‘Bittersweet’ last show for senior theater students

There were many hugs and congratulations given out after the opening night showing of "The Bald Soprano" Friday evening in the Black Box Theater.
Many of the theater students involved had just one word to describe the feelings they had after working on their last show as a class – "bittersweet."
While many said they were happy to work with their friends, they also feel bad that this is possibly the last time many will work with each other.
"It’s a little bittersweet, but it was really exciting," said Loren Spencer, costume designer for the play.
Other than two students who helped out behind the scenes with technical equipment, the entire show was done by senior theater students.
"I think it went really well," said Meghan Hakey, who played Mary, the maid, and was the director of the play.
She said it was the first time the seniors have all worked together on their own production without any input from the theater department.
"It was a great bonding experience … It was nice to know it was all of our own decisions," said Mike Mitrano, who was the play’s stage manager and sound designer.
Though the play was done without any input from the theater department, the department does select which play the students perform. The play the students have to perform is also selected by the department based on three options chosen by the students.
Harry McEnerny, the chair of the theater department, was very impressed with the play.
"It’s wonderful, just wonderful.

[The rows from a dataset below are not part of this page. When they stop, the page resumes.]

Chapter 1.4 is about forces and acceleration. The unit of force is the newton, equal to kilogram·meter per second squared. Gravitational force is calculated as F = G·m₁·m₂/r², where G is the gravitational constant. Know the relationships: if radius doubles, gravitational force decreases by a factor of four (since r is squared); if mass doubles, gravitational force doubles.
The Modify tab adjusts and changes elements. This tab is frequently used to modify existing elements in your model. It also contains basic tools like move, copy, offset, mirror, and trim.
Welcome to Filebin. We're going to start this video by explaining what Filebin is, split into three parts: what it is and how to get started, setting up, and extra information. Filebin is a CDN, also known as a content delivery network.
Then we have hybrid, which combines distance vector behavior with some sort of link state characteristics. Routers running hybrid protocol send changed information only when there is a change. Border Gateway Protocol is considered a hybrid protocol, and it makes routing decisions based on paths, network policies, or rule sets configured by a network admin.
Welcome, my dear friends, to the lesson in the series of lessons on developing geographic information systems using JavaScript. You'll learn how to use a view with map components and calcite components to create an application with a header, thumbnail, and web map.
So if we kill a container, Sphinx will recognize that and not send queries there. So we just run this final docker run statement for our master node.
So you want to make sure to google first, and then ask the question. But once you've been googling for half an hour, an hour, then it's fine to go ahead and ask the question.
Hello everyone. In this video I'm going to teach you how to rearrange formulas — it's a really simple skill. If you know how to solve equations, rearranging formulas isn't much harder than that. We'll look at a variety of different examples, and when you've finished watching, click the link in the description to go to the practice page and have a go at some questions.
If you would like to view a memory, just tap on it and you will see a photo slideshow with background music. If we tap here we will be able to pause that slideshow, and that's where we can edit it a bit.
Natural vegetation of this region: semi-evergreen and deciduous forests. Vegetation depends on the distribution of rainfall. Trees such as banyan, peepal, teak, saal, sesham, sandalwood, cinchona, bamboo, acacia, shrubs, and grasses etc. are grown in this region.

I couldn’t be any happier," he said.
The play is part of a genre referred to by many who worked on it as "absurdism."
McEnerny said the reason the play was chosen over the other two possible options was because of how difficult it is to perform.
"It’s got to be challenging or else they won’t grow," said McEnerny.
Martin Esslin, in his essay called "Absurd Drama," defines many of the characteristics of absurd theater or an absurd play.
"Narrative or discursive thought proceeds in a dialectical manner and must lead to a result or final message; it is therefore dynamic and moves along a definite line of development. Poetry is above all concerned to convey its central idea, or atmosphere, or mode of being; it is essentially static."
That is nowhere more evident than near the end of the play, when four of the characters in the play, Mr. and Mrs. Smith and Mr. and Mrs. Miller begin to have a heated conversation with each other. It starts out with words known to anyone familiar with the English language before finally shifting over to foreign words, letters and then just incoherent sounds.
As McEnerny said himself, someone watching that scene is not supposed to pay attention to what they are saying to each other, but actually focus on how each of them react to each other based on their emotions when speaking their lines and talking.
The difficulty in performing the play was not lost on those in the audience.
"I enjoyed it, it was well done … Absurdism is hard for anyone," said Castleton student Eric Monzel.
Of all the seniors involved in the production, only three are coming back for Castleton’s new theater arts graduate program starting in the fall including Hakey, Max Walker and Robert Valenti.
Both Chelsea Smith and Hakey said many emotions were going around the Black Box Theater as the group looked back at what they have done over the years. Smith said everyone was "a little sappy" before the play when they were all in the dressing room.
"It’s sad to be leaving school, to leave this group," said Mitrano.